Single by Laurent Voulzy
- B-side: "Belle-Île-en-Mer, Marie-Galante"
- Released: 1985
- Genre: Chanson, pop
- Label: RCA
- Songwriters: Laurent Voulzy; Alain Souchon;
- Producers: Laurent Voulzy; Michel Cœuriot;

= Les nuits sans Kim Wilde =

"Les nuits sans Kim Wilde" ("The Nights without Kim Wilde") is a single by Laurent Voulzy about British singer Kim Wilde.

The initial idea came from Voulzy's fascination for Kim Wilde. Every time Wilde was on TV he recorded her on tape. During a working night, he played the tape and Alain Souchon, recognising the mix of obsession and admiration of his friend for Wilde, told him to write a song about her. At first Wilde was not very enthusiastic but still thought that it was a nice compliment. Listening to the draft with her family, her father suggested she reply to Voulzy.

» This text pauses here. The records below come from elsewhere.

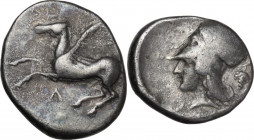 Continental Greece. Akarnania, Leukas. AR Stater, c. 390-380 BC. D/ Pegasos flying left; below, Λ. R/ Helmeted head of Athena left; behind, bunch of g...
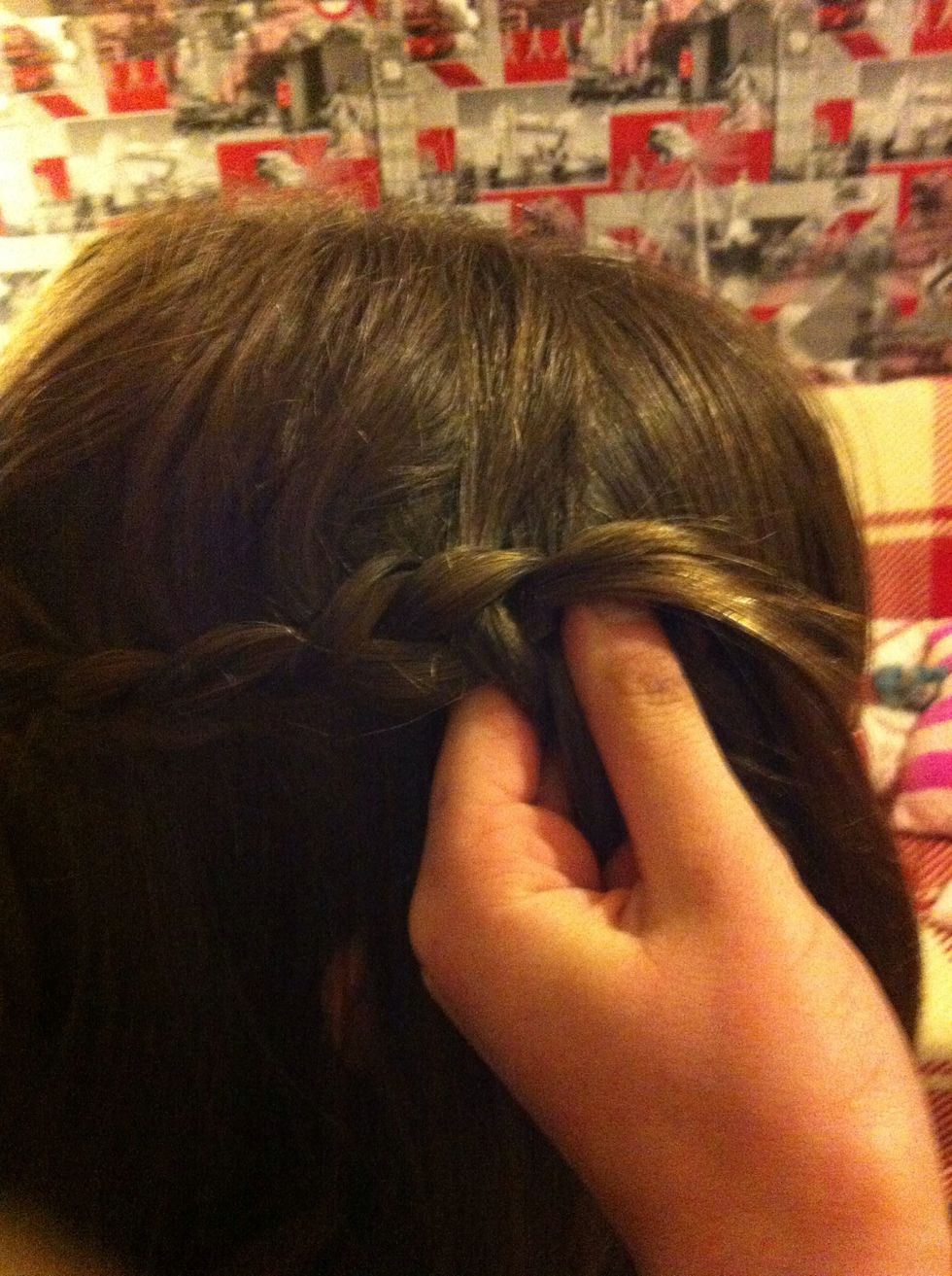 When you get to your ear, start to curve the braid upwards.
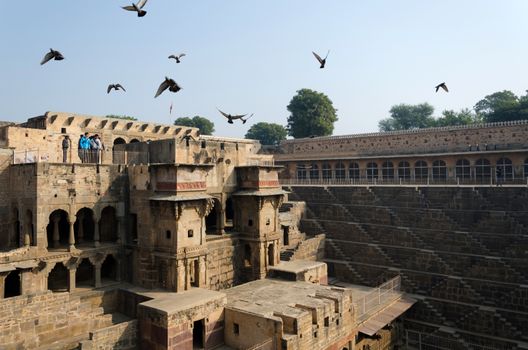 Jaipur, India - December 30, 2014: Tourist visit Chand Baori Stepwell, Jaipur, Rajasthan, India on December 30, 2014.  It was built by King Chanda of the Nikumbha Dynasty between 800 and 900 AD 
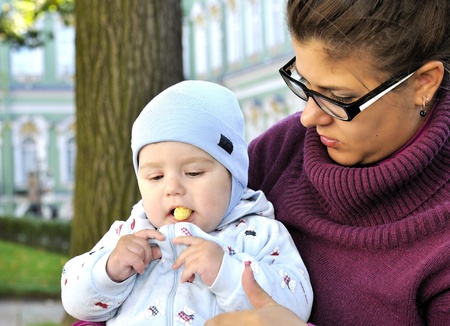 Baby sits on mother lap and eats corn ball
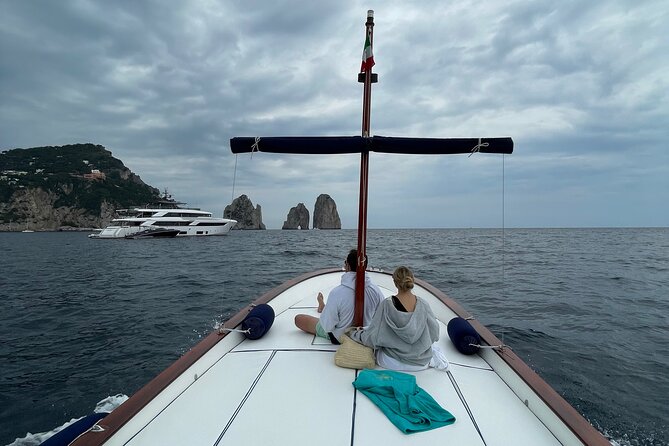 3 hour private boat tour on the island of Capri - Natural Arch, Faraglioni Photos, and Villa Malaparte From the Sea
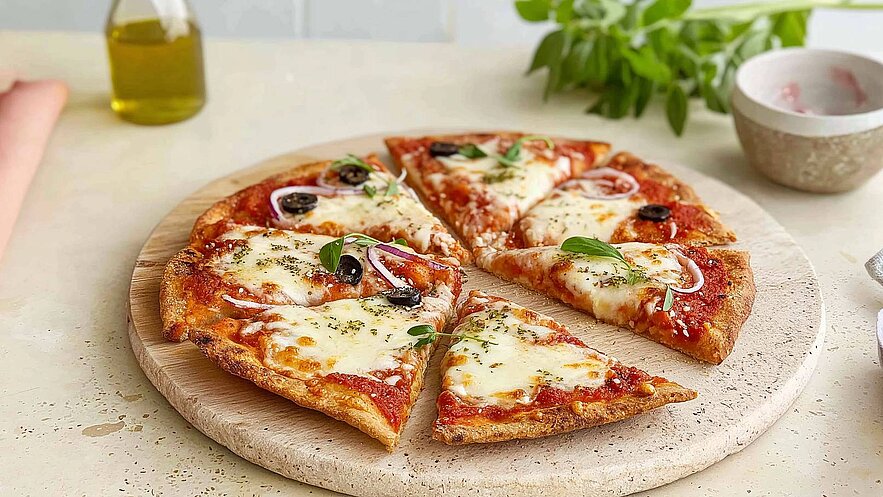 Eine frisch gebackene Pizza auf einem runden Holzbrett. Sie ist belegt mit Tomatensoße, geschmolzenem Käse, schwarzen Oliven und frischen Kräutern. Einige Stücke sind bereits herausgeschnitten und angerichtet.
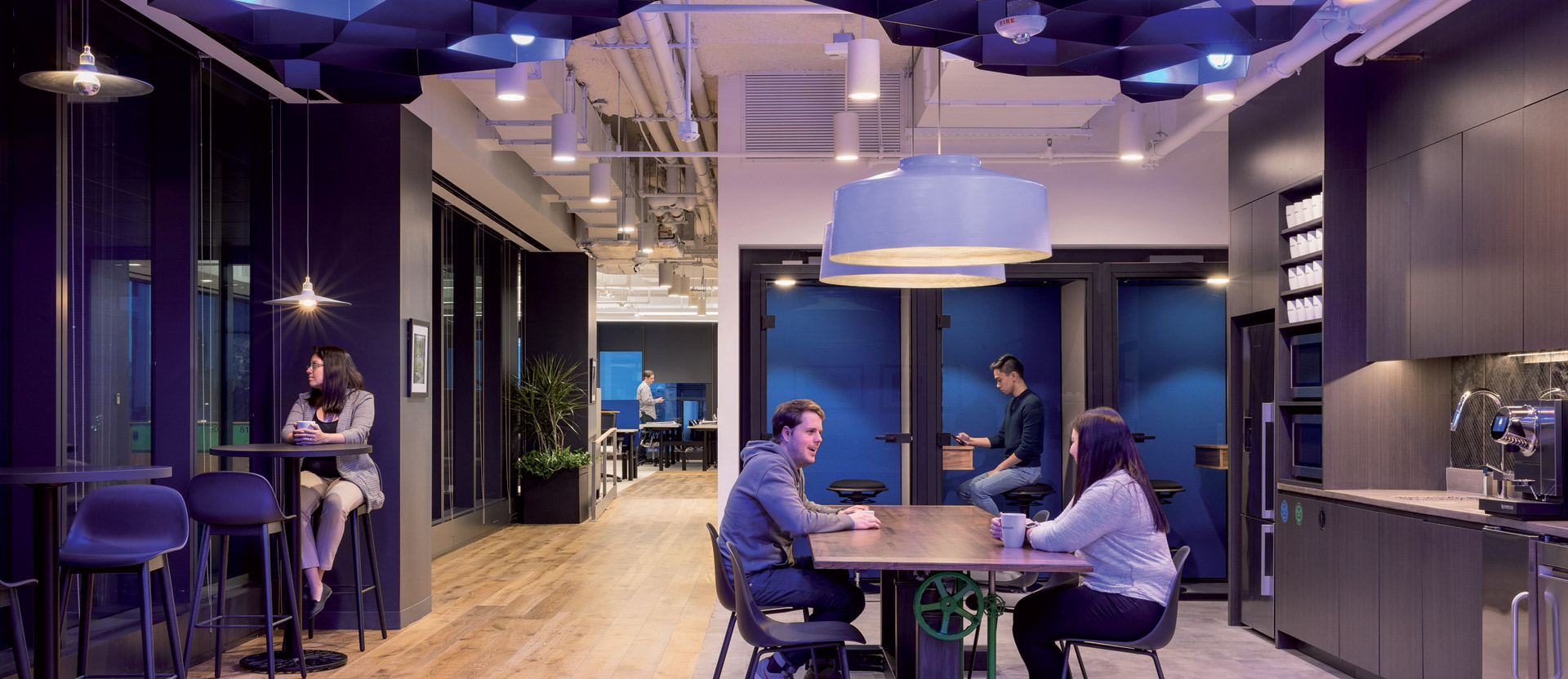 Modern office break room featuring geometric blue acoustic ceiling panels, wooden flooring, and pendant lighting. Colleagues converse at a central table while others work at high-top counters against a kitchenette with dark cabinetry.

Wilde decided to record her voice and be in the clip made by Bernard Malige.

Written by Voulzy and Alain Souchon, it contains French and English lyrics and was initially released in France in 1985 after Wilde herself agreed to sing backing vocals on it, and was reissued in 1986, coupled with the song "Belle-île-en-mer, Marie Galante", it did not enter the Top 50, but was the 13th most played song on peripheral radio according to the Media Control chart of 19 August 1985. The song returned a few months later, but this time as the B-side to the single Belle-Île-en-Mer, Marie-Galante, which entered the Top 50 at the end of September 1986 for twenty weeks and reached number 20 for a fortnight.

An official video was made for the song in which Wilde made an appearance, singing some lyrics in both English and French.

The song contributed to Kim Wilde's popularity in France.